> Data to use
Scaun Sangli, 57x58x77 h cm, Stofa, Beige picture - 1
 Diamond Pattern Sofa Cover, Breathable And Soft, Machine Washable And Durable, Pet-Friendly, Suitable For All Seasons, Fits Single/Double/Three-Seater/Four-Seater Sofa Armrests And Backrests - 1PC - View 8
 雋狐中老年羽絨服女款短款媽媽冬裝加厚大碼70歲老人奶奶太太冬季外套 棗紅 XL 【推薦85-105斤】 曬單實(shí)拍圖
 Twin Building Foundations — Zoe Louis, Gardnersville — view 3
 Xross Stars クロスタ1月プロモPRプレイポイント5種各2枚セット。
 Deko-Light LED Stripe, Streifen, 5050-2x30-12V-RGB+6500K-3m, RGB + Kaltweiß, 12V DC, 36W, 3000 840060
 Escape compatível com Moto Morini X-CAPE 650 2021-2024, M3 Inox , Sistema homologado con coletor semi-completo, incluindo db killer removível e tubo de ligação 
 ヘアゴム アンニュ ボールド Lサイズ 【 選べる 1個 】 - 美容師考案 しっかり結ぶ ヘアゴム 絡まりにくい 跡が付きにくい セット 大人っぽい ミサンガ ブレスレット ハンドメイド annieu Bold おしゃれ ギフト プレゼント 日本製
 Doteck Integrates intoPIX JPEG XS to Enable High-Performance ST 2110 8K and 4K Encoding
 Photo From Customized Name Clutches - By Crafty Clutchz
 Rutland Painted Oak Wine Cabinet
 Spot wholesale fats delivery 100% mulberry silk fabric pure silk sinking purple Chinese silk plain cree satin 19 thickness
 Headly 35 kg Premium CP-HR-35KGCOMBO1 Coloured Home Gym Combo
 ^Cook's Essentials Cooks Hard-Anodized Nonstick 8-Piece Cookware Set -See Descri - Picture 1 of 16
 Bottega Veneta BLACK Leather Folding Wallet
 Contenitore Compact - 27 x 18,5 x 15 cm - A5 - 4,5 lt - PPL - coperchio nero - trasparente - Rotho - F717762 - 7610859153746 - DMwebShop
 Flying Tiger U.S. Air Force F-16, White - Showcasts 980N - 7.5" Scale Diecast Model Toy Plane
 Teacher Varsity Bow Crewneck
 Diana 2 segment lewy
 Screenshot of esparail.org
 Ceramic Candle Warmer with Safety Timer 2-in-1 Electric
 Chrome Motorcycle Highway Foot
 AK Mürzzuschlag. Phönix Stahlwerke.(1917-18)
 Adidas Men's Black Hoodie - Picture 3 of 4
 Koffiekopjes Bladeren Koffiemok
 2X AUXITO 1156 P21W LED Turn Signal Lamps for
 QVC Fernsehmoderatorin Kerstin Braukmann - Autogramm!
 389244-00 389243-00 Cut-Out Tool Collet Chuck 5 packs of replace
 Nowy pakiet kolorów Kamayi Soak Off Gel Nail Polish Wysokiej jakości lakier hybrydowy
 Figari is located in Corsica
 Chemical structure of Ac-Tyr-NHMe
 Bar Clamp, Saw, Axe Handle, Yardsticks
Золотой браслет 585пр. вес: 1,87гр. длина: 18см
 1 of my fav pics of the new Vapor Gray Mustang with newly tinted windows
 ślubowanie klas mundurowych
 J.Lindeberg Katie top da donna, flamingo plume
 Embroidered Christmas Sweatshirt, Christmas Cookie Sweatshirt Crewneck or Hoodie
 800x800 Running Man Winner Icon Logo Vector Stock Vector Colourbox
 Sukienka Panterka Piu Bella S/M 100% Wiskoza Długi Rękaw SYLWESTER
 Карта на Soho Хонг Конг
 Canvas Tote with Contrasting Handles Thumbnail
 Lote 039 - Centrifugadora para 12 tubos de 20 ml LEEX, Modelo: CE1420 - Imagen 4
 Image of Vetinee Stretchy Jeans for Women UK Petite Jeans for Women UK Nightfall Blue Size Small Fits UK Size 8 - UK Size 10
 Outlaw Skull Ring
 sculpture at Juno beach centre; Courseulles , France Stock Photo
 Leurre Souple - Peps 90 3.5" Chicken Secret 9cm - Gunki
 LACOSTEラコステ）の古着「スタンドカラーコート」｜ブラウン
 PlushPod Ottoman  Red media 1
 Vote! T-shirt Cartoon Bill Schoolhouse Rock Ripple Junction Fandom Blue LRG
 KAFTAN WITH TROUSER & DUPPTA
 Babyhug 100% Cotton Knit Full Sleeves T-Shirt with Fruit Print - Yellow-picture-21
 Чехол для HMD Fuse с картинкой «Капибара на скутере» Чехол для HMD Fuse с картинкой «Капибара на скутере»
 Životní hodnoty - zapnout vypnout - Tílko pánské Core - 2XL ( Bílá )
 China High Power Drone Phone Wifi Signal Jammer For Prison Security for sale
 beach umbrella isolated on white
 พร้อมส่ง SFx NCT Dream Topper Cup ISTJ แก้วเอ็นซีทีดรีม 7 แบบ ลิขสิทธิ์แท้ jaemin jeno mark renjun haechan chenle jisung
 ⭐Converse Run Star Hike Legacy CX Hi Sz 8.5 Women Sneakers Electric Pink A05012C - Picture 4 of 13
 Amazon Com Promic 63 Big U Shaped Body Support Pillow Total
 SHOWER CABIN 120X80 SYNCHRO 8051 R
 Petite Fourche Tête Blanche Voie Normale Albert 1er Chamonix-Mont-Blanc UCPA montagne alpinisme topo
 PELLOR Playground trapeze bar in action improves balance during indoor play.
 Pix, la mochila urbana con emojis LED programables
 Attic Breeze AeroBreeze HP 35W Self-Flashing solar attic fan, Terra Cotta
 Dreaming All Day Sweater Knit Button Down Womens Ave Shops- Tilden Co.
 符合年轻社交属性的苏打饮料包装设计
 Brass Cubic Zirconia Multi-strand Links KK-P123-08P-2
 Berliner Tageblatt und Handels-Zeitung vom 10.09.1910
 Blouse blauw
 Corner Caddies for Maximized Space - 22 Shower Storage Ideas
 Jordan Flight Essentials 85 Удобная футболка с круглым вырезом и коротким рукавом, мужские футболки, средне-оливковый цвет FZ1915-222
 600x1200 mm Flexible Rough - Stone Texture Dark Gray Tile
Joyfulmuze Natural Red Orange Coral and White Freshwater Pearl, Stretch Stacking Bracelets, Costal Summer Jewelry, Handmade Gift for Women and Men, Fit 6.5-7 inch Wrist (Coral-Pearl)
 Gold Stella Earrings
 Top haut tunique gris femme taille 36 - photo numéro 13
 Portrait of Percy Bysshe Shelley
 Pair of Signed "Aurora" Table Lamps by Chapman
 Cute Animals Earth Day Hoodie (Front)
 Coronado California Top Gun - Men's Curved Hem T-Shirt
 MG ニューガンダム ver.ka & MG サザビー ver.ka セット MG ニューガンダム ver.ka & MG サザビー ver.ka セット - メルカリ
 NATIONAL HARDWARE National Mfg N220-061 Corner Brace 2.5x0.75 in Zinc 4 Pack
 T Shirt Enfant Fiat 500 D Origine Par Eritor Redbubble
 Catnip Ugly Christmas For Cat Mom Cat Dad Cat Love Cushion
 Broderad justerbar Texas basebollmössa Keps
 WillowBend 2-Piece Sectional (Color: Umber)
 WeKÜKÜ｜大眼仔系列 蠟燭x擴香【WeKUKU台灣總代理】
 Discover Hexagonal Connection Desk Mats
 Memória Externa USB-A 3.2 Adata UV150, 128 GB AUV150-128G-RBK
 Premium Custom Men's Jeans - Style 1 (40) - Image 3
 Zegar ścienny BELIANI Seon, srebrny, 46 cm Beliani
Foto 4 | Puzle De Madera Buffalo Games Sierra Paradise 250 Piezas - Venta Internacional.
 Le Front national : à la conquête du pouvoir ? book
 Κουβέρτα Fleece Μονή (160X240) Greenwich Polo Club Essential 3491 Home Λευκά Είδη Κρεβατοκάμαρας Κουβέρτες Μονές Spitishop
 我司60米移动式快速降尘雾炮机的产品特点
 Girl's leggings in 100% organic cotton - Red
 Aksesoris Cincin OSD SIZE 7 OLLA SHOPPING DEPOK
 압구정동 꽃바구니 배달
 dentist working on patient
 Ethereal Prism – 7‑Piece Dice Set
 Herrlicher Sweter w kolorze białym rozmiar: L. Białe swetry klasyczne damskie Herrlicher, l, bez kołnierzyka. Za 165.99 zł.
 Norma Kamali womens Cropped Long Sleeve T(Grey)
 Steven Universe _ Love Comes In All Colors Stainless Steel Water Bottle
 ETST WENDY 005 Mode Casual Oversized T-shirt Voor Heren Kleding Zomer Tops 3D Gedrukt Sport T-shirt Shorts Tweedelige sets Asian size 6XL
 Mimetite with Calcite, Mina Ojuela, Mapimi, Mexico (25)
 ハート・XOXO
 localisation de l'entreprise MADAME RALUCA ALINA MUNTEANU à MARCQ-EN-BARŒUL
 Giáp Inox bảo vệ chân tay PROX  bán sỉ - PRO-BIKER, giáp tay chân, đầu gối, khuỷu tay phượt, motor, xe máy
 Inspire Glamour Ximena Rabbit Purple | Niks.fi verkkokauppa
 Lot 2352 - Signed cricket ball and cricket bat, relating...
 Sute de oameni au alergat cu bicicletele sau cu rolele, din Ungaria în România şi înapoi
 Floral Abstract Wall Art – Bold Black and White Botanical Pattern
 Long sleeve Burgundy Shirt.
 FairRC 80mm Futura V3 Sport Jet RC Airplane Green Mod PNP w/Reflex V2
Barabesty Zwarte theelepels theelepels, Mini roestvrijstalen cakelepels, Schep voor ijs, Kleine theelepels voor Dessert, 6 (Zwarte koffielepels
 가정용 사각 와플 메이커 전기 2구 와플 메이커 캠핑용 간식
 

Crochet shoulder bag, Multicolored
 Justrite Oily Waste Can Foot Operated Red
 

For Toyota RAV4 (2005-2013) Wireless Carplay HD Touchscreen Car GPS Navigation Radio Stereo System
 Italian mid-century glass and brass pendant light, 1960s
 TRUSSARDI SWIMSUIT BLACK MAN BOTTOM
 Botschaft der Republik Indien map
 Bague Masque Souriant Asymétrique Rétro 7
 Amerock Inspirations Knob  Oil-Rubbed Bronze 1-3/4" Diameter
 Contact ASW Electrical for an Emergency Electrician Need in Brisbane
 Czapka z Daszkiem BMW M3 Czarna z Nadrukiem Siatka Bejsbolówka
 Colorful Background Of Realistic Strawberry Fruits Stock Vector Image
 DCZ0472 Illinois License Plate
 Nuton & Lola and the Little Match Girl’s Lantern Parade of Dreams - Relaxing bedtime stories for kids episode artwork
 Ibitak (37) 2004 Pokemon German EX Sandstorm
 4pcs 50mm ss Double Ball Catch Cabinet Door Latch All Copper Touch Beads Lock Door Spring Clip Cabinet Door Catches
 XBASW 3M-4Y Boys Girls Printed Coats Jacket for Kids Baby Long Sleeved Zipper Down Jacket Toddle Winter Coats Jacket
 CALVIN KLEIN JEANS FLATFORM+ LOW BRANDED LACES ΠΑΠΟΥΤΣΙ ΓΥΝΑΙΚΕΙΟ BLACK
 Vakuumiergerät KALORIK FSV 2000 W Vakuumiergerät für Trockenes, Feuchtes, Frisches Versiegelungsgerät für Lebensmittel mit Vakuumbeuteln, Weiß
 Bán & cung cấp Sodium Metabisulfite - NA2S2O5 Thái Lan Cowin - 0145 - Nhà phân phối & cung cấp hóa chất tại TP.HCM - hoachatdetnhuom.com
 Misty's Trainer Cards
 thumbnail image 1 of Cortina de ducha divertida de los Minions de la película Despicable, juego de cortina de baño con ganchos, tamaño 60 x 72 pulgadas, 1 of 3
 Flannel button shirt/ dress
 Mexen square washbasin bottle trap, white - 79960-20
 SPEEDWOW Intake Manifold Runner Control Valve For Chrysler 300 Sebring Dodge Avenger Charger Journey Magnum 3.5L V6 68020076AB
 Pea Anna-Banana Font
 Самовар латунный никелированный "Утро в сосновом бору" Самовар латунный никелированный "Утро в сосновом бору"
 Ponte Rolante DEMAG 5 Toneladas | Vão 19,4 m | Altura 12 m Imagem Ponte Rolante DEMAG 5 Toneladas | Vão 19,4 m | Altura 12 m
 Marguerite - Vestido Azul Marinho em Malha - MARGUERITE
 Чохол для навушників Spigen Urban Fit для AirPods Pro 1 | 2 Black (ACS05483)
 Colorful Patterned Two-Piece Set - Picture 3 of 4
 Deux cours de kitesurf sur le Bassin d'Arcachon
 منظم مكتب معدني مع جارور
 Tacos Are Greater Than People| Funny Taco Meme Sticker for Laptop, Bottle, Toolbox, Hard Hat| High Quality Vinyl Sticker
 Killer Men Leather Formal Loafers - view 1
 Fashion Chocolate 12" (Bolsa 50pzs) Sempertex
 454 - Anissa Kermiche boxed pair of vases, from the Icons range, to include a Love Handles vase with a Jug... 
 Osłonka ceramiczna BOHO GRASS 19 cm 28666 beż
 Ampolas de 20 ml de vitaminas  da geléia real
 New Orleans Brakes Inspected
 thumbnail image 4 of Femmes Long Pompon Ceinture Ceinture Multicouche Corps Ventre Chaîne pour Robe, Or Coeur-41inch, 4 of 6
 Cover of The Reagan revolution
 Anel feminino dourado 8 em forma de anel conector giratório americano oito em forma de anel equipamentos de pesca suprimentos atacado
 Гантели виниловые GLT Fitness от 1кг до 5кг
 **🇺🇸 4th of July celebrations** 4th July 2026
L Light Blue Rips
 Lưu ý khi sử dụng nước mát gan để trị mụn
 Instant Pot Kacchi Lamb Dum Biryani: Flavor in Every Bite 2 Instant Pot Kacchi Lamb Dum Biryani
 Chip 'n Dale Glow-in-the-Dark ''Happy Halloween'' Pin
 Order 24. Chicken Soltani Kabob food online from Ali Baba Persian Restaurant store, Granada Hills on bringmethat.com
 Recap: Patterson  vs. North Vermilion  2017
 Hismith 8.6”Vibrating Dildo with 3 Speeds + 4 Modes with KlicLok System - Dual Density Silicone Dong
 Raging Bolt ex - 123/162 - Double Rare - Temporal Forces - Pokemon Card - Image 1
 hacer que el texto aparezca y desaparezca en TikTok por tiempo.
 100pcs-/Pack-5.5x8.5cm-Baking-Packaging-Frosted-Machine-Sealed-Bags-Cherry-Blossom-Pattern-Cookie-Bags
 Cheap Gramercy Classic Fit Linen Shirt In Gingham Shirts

> Exercise description
Exactly those lines that run from the start of the listing to the line containing "雋狐中老年羽絨服女款短款媽媽冬裝加厚大碼70歲老人奶奶太太冬季外套 棗紅 XL" should be output, and no others.

> Written answer
Scaun Sangli, 57x58x77 h cm, Stofa, Beige picture - 1
 Diamond Pattern Sofa Cover, Breathable And Soft, Machine Washable And Durable, Pet-Friendly, Suitable For All Seasons, Fits Single/Double/Three-Seater/Four-Seater Sofa Armrests And Backrests - 1PC - View 8
 雋狐中老年羽絨服女款短款媽媽冬裝加厚大碼70歲老人奶奶太太冬季外套 棗紅 XL 【推薦85-105斤】 曬單實(shí)拍圖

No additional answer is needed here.